**SOURCE DATA**:
┄┄┄┄┄┄┄┄┄┄┄┄┄┄┄┄┄┄┄┄
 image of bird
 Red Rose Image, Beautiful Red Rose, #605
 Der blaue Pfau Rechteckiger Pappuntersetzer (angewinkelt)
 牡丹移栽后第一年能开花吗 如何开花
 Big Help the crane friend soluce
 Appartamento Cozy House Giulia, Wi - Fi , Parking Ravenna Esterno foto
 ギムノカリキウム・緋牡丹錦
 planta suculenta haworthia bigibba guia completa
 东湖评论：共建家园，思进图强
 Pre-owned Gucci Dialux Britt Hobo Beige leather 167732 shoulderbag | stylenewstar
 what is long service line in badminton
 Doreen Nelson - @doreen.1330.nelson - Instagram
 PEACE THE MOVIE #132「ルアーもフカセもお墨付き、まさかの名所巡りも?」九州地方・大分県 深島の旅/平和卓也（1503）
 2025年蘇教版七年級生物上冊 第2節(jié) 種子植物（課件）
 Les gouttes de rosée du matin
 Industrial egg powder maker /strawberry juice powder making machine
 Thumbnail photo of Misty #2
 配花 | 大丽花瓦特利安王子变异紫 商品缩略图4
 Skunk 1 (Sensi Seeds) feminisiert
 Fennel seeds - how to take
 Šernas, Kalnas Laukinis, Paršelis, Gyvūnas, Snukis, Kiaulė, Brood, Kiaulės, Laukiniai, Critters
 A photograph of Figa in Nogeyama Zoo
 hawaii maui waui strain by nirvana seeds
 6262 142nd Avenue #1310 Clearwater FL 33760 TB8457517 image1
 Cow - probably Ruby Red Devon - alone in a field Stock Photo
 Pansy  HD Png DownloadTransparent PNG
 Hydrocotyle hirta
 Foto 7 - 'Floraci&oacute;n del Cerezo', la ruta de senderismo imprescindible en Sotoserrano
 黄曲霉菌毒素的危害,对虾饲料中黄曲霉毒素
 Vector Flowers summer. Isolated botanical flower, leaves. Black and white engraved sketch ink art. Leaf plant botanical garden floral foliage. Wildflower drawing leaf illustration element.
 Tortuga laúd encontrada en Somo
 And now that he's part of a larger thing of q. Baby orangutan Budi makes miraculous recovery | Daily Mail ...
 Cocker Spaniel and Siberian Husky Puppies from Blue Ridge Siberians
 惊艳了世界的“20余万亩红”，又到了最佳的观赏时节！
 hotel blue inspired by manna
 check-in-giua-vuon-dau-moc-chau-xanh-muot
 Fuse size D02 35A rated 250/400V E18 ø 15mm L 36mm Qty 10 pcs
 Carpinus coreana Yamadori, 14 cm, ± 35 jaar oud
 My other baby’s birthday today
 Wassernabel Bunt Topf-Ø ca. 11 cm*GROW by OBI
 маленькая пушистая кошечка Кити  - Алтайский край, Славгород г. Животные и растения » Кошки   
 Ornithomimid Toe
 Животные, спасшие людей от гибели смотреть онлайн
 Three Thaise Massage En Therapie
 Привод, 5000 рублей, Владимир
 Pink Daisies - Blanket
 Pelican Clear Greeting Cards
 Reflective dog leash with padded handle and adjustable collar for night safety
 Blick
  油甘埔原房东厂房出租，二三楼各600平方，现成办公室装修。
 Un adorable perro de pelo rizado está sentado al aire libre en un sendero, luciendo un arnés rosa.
┄┄┄┄┄┄┄┄┄┄┄┄┄┄┄┄┄┄┄┄
**PROBLEM TO WORK ON**: After locating the line holding "Big Help the crane friend soluce" above, output exactly that line and every line after it through the line holding "6262 142nd Avenue". Include nothing else.

**SOLUTION TO THIS PROBLEM**:
 Big Help the crane friend soluce
 Appartamento Cozy House Giulia, Wi - Fi , Parking Ravenna Esterno foto
 ギムノカリキウム・緋牡丹錦
 planta suculenta haworthia bigibba guia completa
 东湖评论：共建家园，思进图强
 Pre-owned Gucci Dialux Britt Hobo Beige leather 167732 shoulderbag | stylenewstar
 what is long service line in badminton
 Doreen Nelson - @doreen.1330.nelson - Instagram
 PEACE THE MOVIE #132「ルアーもフカセもお墨付き、まさかの名所巡りも?」九州地方・大分県 深島の旅/平和卓也（1503）
 2025年蘇教版七年級生物上冊 第2節(jié) 種子植物（課件）
 Les gouttes de rosée du matin
 Industrial egg powder maker /strawberry juice powder making machine
 Thumbnail photo of Misty #2
 配花 | 大丽花瓦特利安王子变异紫 商品缩略图4
 Skunk 1 (Sensi Seeds) feminisiert
 Fennel seeds - how to take
 Šernas, Kalnas Laukinis, Paršelis, Gyvūnas, Snukis, Kiaulė, Brood, Kiaulės, Laukiniai, Critters
 A photograph of Figa in Nogeyama Zoo
 hawaii maui waui strain by nirvana seeds
 6262 142nd Avenue #1310 Clearwater FL 33760 TB8457517 image1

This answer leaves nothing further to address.